Economic cooperation would usurp competition as the dominant model of progress. A vital suite of protections in the form of a socialized bottom would encourage an entirely new swath of people to experiment and innovate in potentially limitless directions. In this imagined institutional framework, the freedom of choice in our labor combined with deepened access to one another would direct us towards models of work structured as small businesses or cooperative firms for larger projects. Automation technology would be a public boon, removing the need for humans to do the job of a machine – freeing us to explore our creative and experimental potential. If all of our labor were based on a more cooperative form of competition, we would lessen the barrier between us and the others. Education would offer a focus on multiple perspectives with the intention of working cooperatively to determine an ideal solution to the problems presented. No person is an island – history teaches us, the most significant contributions to human life have been projects of cooperation. In deepening our connection to one another, we replace fear and threat of subjugation with a sense of unified purpose.

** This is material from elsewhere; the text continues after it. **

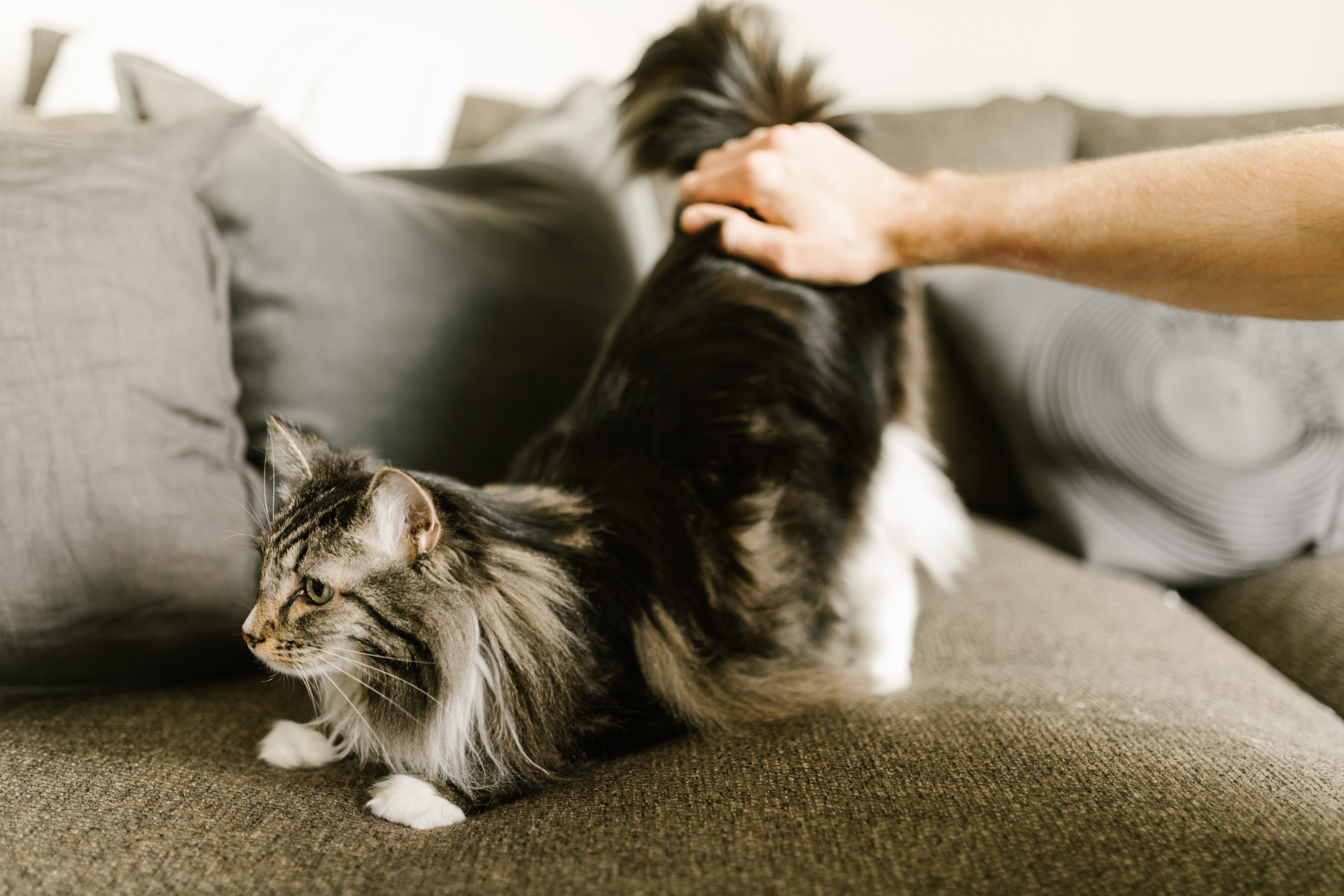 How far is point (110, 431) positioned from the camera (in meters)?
0.93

Structurally we could bring about this ethical shift by federally funded education programs, freeing them from the burden of reliance on municipal taxes. Students and teachers would have access to the best materials and curriculum empowering an effort to redefine how we provide access to information within our society. With cooperation being the dominant ideal, the structure of education would transform into Roberto Unger’s vision of a more dialectic framework. We would choose an approach focused on selective depth of specific subjects over wide memorization of facts. Topics would be taught from two contrasting perspectives, fostering dialogue and discussion from the students. Transforming our way of learning is core to the Progressive project, it instills in us the fundamental problem-solving abilities necessary for the people we are destined to become. Personal observations through volunteer work at my local high school conducting civics seminars gives me the impression that this vision of a generational cooperative attitude is closer than we think due to the students’ ability to connect instantly.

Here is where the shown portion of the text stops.